◆ **Your assignment**: A verbatim copy of the records is required, with all pictures left out.

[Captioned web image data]
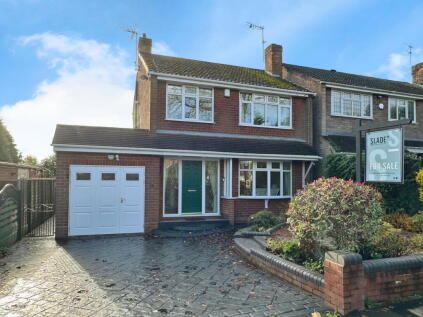 Springhill Lane, Penn, Wolverhampton, WV4 4SJ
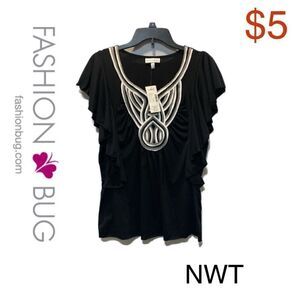 $5 ADD ON ITEM NWT  Fashion Bug Black & white cotton short sleeve top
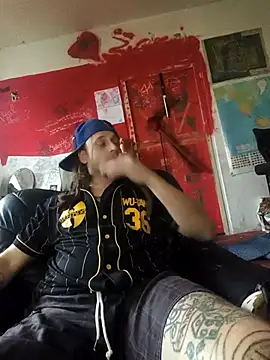 Snapshot of Ozomitro chatting on 27, 10, 2025 Ozomitro online show from 27, 10, 2025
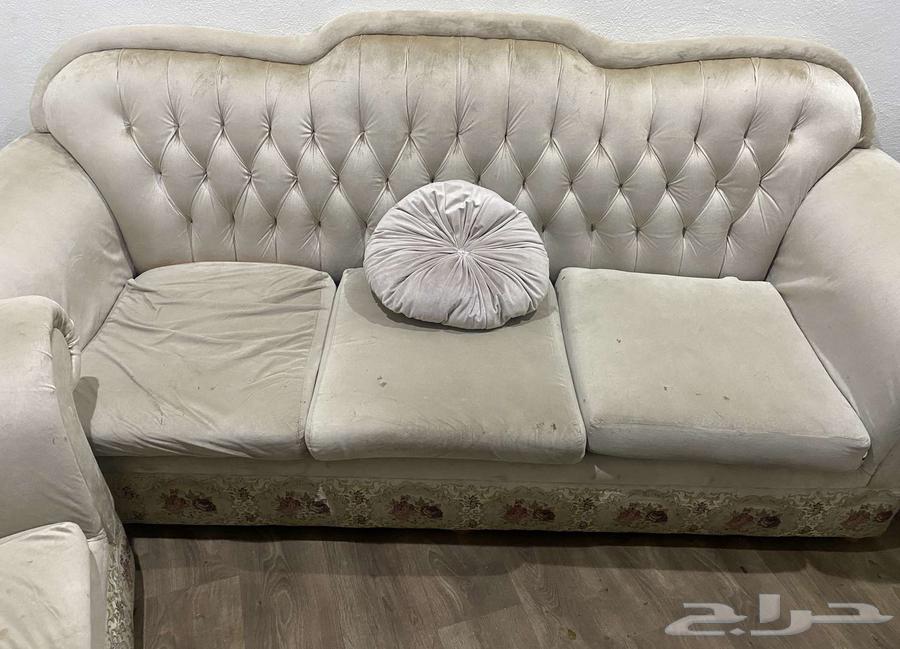 كنب بحاله جيده يحتاج غسيل64338123575171111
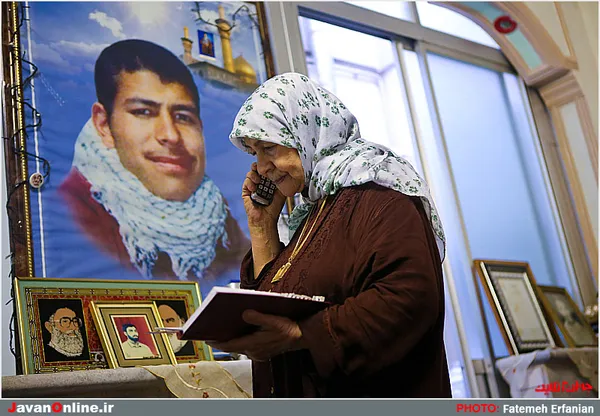 ماه منير مهري 77 ساله مادر 5 فرزند بوده است كه چهارمين آنها &laquo; محمدعيسي سروري &raquo; در جنگ تحميلي به شهادت رسيده و اكنون 3پسر و يك دختر دارد كه همگي ازدواج كرده اند . ماه منير تنها زندگي مي كند و تقريبا هر روز از طريق تلفن از حال فرزندانش با خبر مي شود .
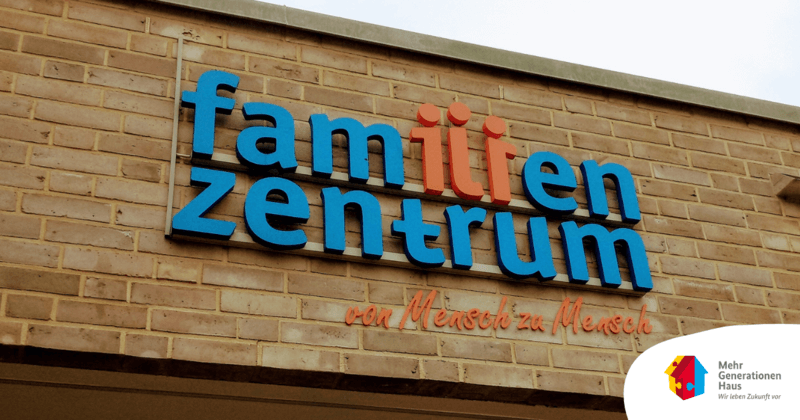 Außenaufnahme Familienzentrum - Logo an der Fassade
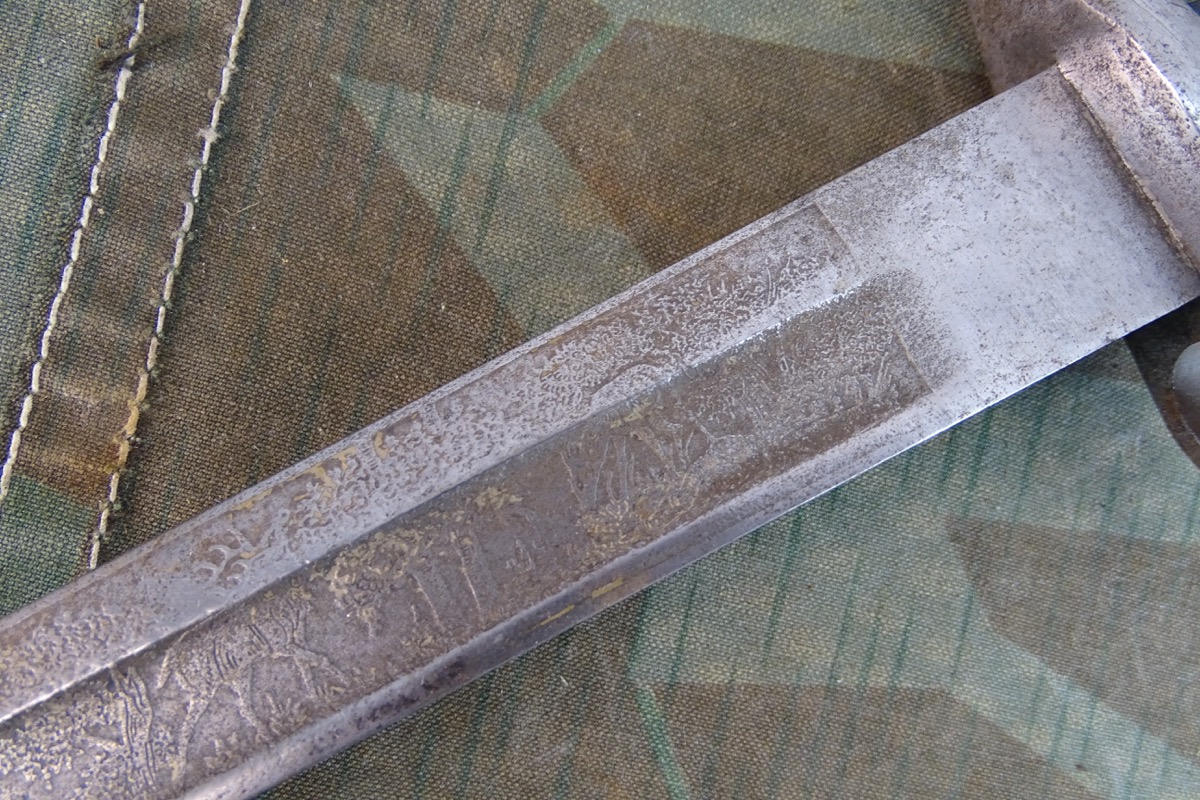 16689-2 Preussischer Extra Hirschfänger M 1871 mit Klingenätzung, ohne Scheide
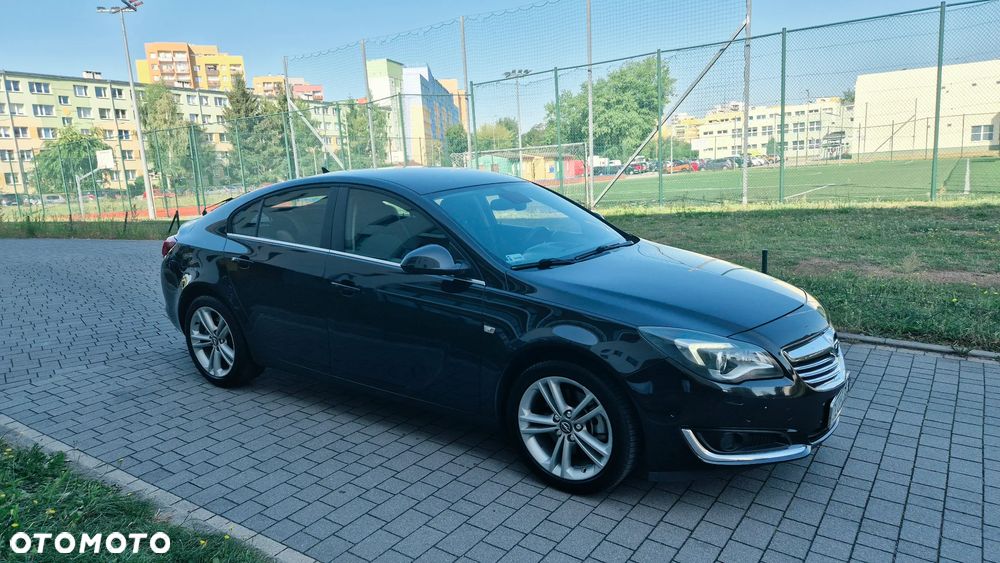 Opel Insignia 1.6 T Edition S&S - 8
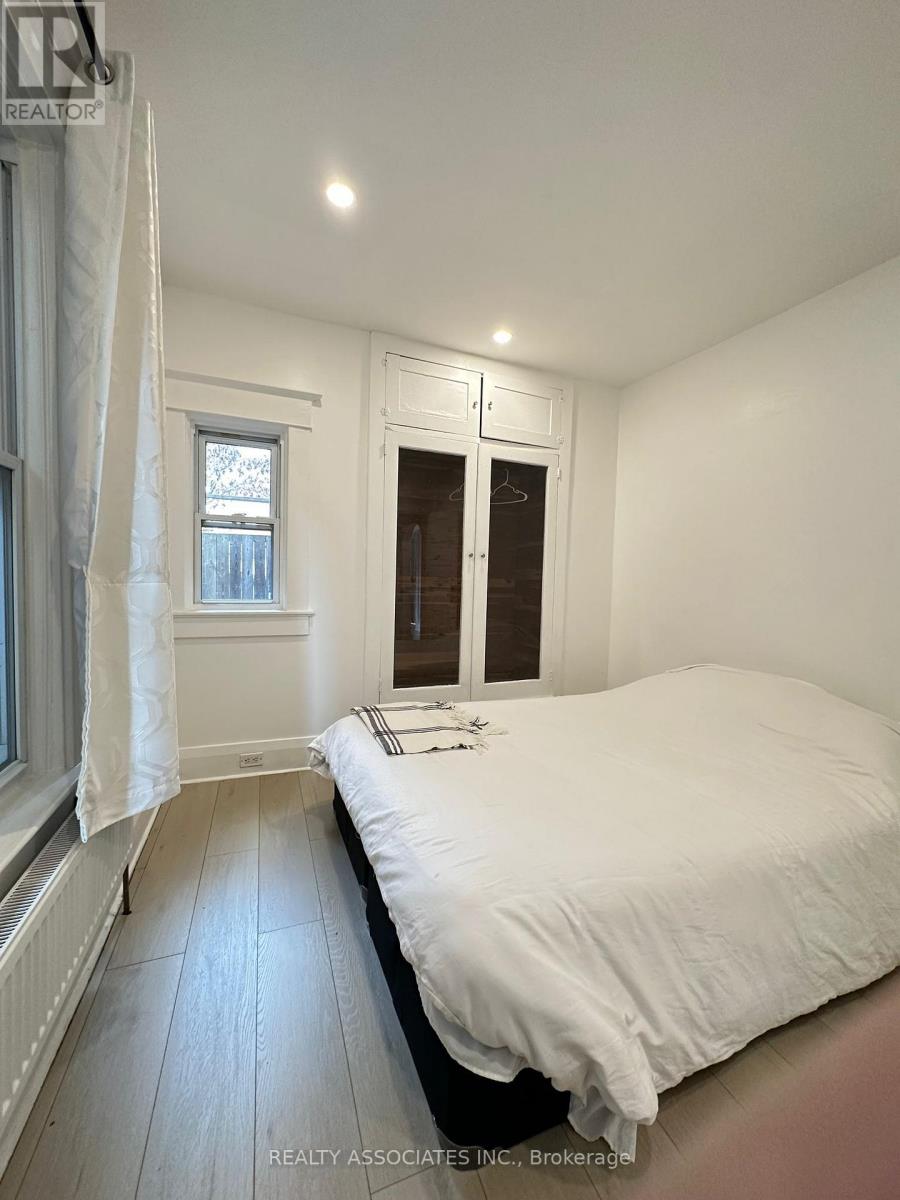 Main - 46 Bartonville Avenue W, Toronto, Ontario  M6M 2B5 - Photo 11 - W12501370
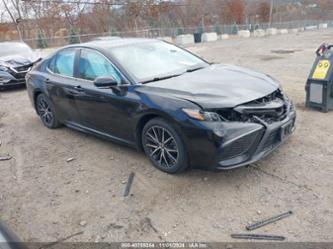 TOYOTA CAMRY SE AWD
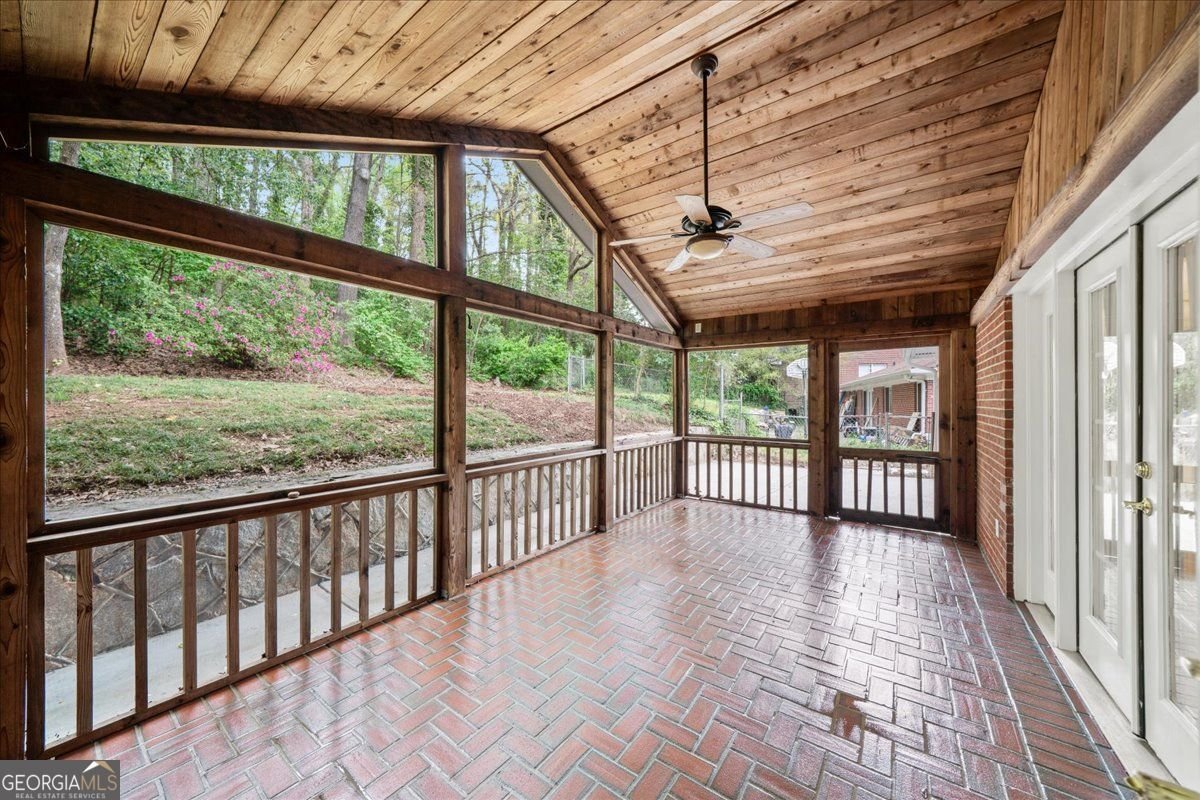 1323 CHRISTMAS Lane Atlanta - 43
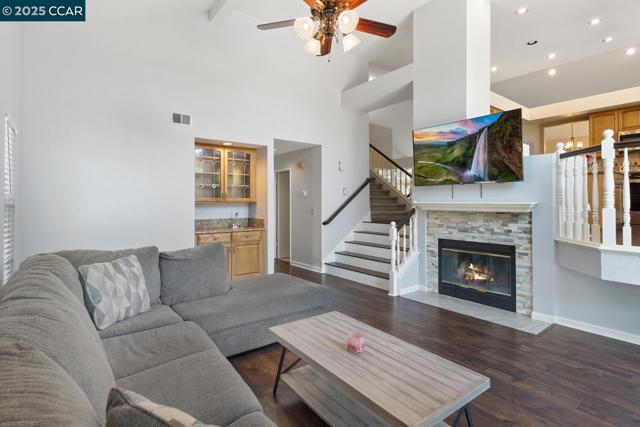 313 Willowwood Ct, Vacaville CA: https://media.crmls.org/mediaz/4e9ab15b-53e0-4514-a705-670c1abf5e87.jpg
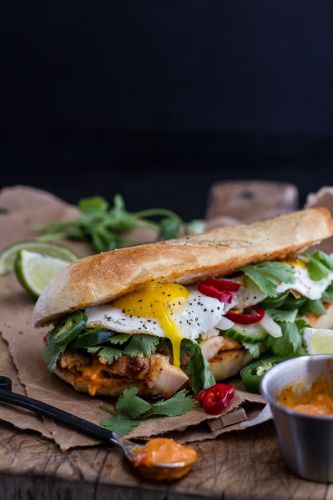 Sándwich de Mahi Mahi Banh Mi con mayonesa picante al curry y huevos fritos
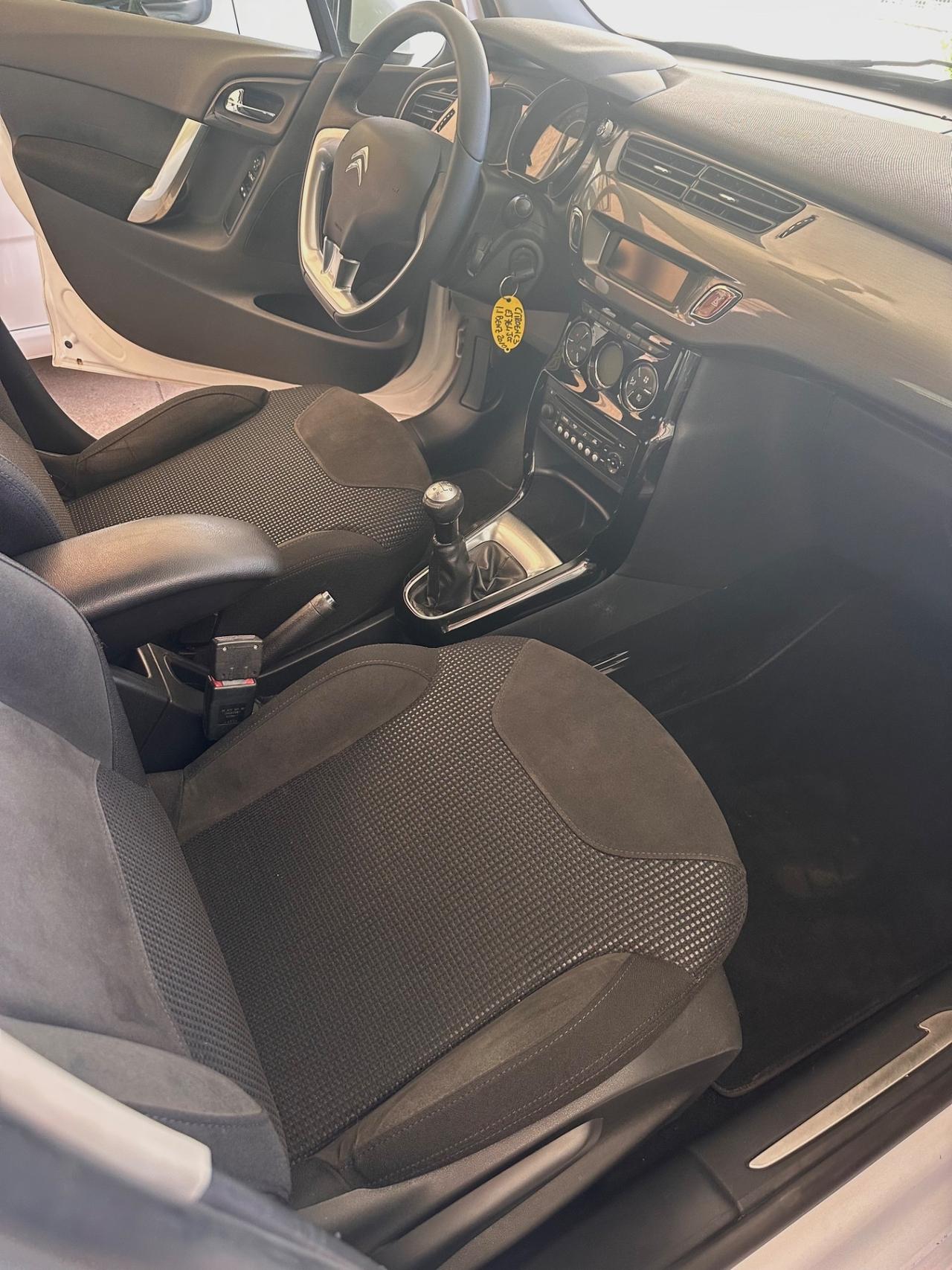 Citroen C3 1.1 Benz 60 Cv 5p Exclusive WHYTE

◆ **Response for this exercise**:
 Springhill Lane, Penn, Wolverhampton, WV4 4SJ
 $5 ADD ON ITEM NWT  Fashion Bug Black & white cotton short sleeve top
 Snapshot of Ozomitro chatting on 27, 10, 2025 Ozomitro online show from 27, 10, 2025
 كنب بحاله جيده يحتاج غسيل64338123575171111
 ماه منير مهري 77 ساله مادر 5 فرزند بوده است كه چهارمين آنها &laquo; محمدعيسي سروري &raquo; در جنگ تحميلي به شهادت رسيده و اكنون 3پسر و يك دختر دارد كه همگي ازدواج كرده اند . ماه منير تنها زندگي مي كند و تقريبا هر روز از طريق تلفن از حال فرزندانش با خبر مي شود .
 Außenaufnahme Familienzentrum - Logo an der Fassade
 16689-2 Preussischer Extra Hirschfänger M 1871 mit Klingenätzung, ohne Scheide
 Opel Insignia 1.6 T Edition S&S - 8
 Main - 46 Bartonville Avenue W, Toronto, Ontario  M6M 2B5 - Photo 11 - W12501370
 TOYOTA CAMRY SE AWD
 1323 CHRISTMAS Lane Atlanta - 43
 313 Willowwood Ct, Vacaville CA: https://media.crmls.org/mediaz/4e9ab15b-53e0-4514-a705-670c1abf5e87.jpg
 Sándwich de Mahi Mahi Banh Mi con mayonesa picante al curry y huevos fritos
 Citroen C3 1.1 Benz 60 Cv 5p Exclusive WHYTE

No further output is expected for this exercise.